Kanzleiprozesse digitalisieren - 29. Juli 2020

„Weiterempfehlen auf jeden Fall“

Im Oktober letzten Jahrs wurde DATEV Meine Steuern gelauncht. Seither können Kanzleien mit ihren Mandanten Belege für die Steuererklärung digital austauschen. Der Wirtschaftsprüfer und Steuerberater Marcus Spanrunft beschreibt den Weg seiner Kanzlei bei der Einführung des Programms. Sein Steuerberaterkollege Oliver Köth erklärt, warum die Bereitschaft seiner Mandanten, Meine Steuern einzusetzen, ziemlich hoch war und was das mit der Corona-Krise zu tun hat.

DATEV magazin: Im Oktober 2019 wurde DATEV Meine Steuern freigegeben. Eine Anwendung, auf die Sie gewartet haben?

MARCUS SPANRUNFT: Wir haben durch DATEV Unternehmen online die Belegverknüpfung zu schätzen gelernt und hatten die Hoffnung, diese Funktion auch für die Einkommensteuer zu erhalten. Wir wollten den klassischen Schuhkarton abschaffen und unsere Mandanten motivieren, im besten Fall unterjährig die Belege über Meine Steuern bereitzustellen. Insbesondere die jüngere Generation fordert das regelrecht.

Und wie war Ihr erster Eindruck?

OLIVER KÖTH: Ich habe sehr früh schon im Rahmen der DATEV-Vertreterversammlung ein Preview dazu gesehen. Später habe ich die Anwendung für mich selbst getestet – und der erste Eindruck hat sich bestätigt: Für eine normale Einkommensteuererklärung war es genau das, was wir uns vorgestellt hatten.

Für einige Ihrer Mandanten dürfte die Digitalisierung der Zusammenarbeit mit ihrem Steuerberater Neuland gewesen sein. Wie sind Sie bei der Einführung von Meine Steuern vorgegangen?

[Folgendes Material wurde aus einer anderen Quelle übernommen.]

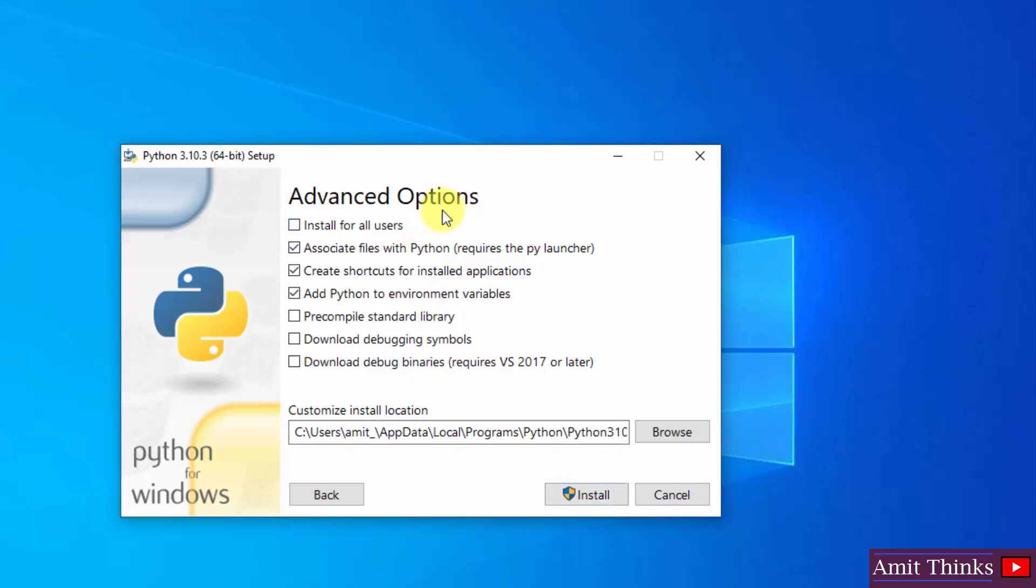Here advanced options are visible. I'll select install for all users. Now the following is the path where our Python will get installed. We will see it later. Click on install.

MARCUS SPANRUNFT: Zunächst haben wir unsere Mandanten nach ihrer Bereitschaft, umzustellen, kategorisiert. Die Personen mit den größten Einsparpotenzialen haben wir direkt angesprochen. Wir verbinden die Vorstellungen von Meine Steuern mit einem anderen Termin bei uns in der Kanzlei und zeigen in einem persönlichen Gespräch die Vorteile auf. Aus unserer Sicht war dieses Vorgehen das Erfolgsgeheimnis: kein Infobrief oder dergleichen, sondern die direkte Ansprache, das gemeinsame Installieren auf dem Smartphone des Mandanten. Sie sehen sofort die Vorteile wie die intuitive Bedienung oder den dauerhaften und geordneten Zugriff auf die Belege. Im Anschluss können sie sofort starten, und dadurch braucht es nur wenige Tage, bis sie die ersten Belege für das neue Veranlagungsjahr hochladen. Dann haben wir sie schon in der Umstellung drin.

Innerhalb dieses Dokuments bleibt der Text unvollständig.